Also on Windermere there are a number of motor driven wooden boats, doing short runs across the lake, one of which is the “Queen of the Lake” - pictured - which was transported to London recently to take part in the Queen’s Jubilee celebration as one of the 1000 craft in the Thames Pagaent.


This newsletter expresses the views of the author Victor Gibson about marine events which are considered to be worthy of interest. It is meant to be a five minute read. Sources of information usually include:

International Tug and OSV Magazine
Maritime Bulletin
The Tugs, Towing and Offshore Newsletter.
The Nautilus Telegraph
The Nautical institute Magazine Seaways
The BBC Home Page
The Somalia Report
The MAIB Website

Although this time the information relies solely on what I did on my holidays. There is more actually but I had to draw the line somewhere. Back to normal next month.

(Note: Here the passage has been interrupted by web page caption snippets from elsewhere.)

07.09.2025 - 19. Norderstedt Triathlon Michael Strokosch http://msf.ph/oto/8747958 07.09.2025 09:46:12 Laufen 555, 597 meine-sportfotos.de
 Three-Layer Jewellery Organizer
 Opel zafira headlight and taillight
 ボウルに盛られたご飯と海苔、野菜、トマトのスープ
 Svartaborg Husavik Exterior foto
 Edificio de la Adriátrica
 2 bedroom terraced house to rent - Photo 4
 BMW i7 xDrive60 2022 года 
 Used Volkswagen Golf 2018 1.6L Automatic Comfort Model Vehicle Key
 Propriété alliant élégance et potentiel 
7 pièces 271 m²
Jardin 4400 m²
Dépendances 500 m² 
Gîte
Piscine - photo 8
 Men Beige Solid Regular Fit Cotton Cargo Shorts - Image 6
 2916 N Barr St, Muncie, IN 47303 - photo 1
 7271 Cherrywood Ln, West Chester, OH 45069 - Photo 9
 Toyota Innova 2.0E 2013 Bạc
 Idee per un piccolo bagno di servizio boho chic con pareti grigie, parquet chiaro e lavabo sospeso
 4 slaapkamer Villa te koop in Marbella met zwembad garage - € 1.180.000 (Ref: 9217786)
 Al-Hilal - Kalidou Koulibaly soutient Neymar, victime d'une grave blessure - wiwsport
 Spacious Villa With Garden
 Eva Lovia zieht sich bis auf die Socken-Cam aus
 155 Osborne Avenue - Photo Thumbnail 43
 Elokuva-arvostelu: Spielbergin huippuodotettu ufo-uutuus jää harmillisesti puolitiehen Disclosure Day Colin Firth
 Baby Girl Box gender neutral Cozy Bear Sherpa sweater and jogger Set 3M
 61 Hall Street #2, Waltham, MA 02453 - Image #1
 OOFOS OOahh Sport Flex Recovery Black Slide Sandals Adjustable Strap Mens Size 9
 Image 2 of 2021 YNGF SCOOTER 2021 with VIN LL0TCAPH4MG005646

The website contains comprehensive information about many offshore vessels and approaching 10,000 images. Since June 2012 the following company information has been updated as follows:

Adams Offshore
AET Offshore
Alam Maritim
Allied Marine
Alpha Logistics

No further updating has been carried out in the latter part of July and the early part of August because I have been away, but I read that there are more an more owners of offshore vessels appearing on the scene. Where will they get their crews? Maybe they will get them from the many Brazilian seafarers who send me their CVs in the hope of gaining employment. I have emailed one or two asking why, but they either don’t know or don’t choose to tell me.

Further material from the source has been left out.